Is this how desperate we are going to become? Is international football going to mimic the club game, a place so utterly devalued by the absence of loyalty and the constantly evolving allegiances that, these days, to paraphrase Jerry Seinfeld, you are cheering for the laundry rather than the players? Wasn’t playing for your country supposed to be worth something more?
Mark Noble is another name regularly mentioned as an Irish probable in the new regime. As it happens, he’s a good pal of O’Hara’s too. How? Well, they both spent a large part of their schoolboy years playing for various English representative teams together, the way that talented footballers from the same part of the same country normally do. As you’d expect from somebody who may yet captain his country’s Under-21s in this week’s European Championships, he’s offered much the same brand of effusive patriotism about his desire to wear the white shirt at senior level.
“It’s certainly one of my aims,” said Noble, all of six weeks ago. “I think playing for England is the pinnacle of every young English player’s career. If I keep working hard and we keep playing the way we are, I might just get that chance.”
Ireland’s history of emigration demands there must always be a place for the children and grandchildren of the diaspora in our sporting teams, and dual eligibility will from time to time create certain complications. Ray Houghton once had to seek the permission of his rabidly Scottish older brothers before throwing his lot in with Jack Charlton, and later, Andy O’Brien pulled out of England and Ireland youths’ squads until he could decide whether to play for the country of his birth or that of his parents. Still, just because FIFA have relaxed the rules with this latest initiative, it doesn’t mean we have to cheapen the privilege irrevocably by pursuing those who long ago made their allegiances to other nations known.

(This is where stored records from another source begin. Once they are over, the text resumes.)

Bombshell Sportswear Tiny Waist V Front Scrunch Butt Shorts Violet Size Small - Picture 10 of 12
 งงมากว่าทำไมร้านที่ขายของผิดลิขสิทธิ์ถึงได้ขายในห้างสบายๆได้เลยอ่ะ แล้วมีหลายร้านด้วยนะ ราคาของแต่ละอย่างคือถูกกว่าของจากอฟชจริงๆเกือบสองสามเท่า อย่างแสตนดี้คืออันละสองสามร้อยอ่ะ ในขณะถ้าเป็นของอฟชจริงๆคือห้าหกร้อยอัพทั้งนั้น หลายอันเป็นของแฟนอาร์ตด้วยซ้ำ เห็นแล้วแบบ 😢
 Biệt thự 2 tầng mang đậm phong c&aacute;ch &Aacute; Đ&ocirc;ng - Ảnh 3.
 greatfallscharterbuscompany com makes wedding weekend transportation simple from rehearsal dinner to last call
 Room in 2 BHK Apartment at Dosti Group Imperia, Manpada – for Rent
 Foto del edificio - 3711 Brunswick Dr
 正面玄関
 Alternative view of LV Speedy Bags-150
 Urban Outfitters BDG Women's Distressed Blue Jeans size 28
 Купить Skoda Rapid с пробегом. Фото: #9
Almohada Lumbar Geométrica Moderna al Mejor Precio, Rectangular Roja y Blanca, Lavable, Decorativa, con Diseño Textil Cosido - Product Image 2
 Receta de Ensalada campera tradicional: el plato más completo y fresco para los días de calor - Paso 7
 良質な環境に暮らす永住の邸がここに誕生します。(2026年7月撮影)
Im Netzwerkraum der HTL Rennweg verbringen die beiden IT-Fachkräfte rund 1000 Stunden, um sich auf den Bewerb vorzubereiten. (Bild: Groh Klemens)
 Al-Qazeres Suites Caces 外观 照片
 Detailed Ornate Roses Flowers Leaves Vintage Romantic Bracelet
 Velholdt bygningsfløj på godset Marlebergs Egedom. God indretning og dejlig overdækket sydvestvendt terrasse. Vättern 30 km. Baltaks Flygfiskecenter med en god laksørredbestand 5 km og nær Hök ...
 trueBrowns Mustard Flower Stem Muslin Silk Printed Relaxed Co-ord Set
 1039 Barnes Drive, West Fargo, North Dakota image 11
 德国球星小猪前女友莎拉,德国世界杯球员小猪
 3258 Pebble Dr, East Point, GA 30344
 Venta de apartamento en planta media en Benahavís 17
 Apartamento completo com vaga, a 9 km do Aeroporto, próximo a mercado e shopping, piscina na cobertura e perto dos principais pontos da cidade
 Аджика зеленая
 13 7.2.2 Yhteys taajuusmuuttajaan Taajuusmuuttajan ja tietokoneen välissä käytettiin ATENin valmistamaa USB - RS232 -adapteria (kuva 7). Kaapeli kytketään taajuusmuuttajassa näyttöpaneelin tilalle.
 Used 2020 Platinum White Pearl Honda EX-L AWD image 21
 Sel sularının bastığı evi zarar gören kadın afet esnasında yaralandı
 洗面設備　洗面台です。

How many fans would love to see Kevin Nolan clamber aboard the bandwagon now that South Africa is looming into view? This is a guy who turned down the chance to play for the Ireland youths almost a decade ago and who has rebuffed the advances of two Irish senior managers since then. In between, he’s captained the England Under-20s, briefly been the Premiership midfield flavor of the month, and lately seen his stock plummet so much he has precious little chance of ever breaking into Fabio Capello’s squad.
Never mind what the rules say, what would it say about us to bring somebody of this ilk in now? It surely won’t be long before the English papers trot out the old story about Terry Mancini lamenting the quality of the Polish anthem on the occasion of his debut before being politely informed by Don Givens that he was actually dissing Amhran na Bhfiann.
When Eoin Hand arrived at Everton to invite Rotherham-born Seamus McDonagh to play for Ireland, the new recruit recited the 1916 Proclamation to demonstrate his Irishness. On the occasion of his first cap in February 1981, McDonagh insisted on going back to Dublin by boat instead of plane in order to replicate the trip his emigrating parents had made in the other direction years earlier. Not quite a decade after one man’s quasi-spiritual odyssey, Scottish native Bernie Slaven sat on the Irish bench during the historic penalty shoot-out against Romania in Italia 90 but later admitted in his autobiography he was kind of hoping Ireland would lose so he could get home to Middlesbrough to see his beloved dogs.
The problem with tapping into the second and third generations has always been you never know whether you are getting a McDonagh or a Slaven. This will apply now more than ever.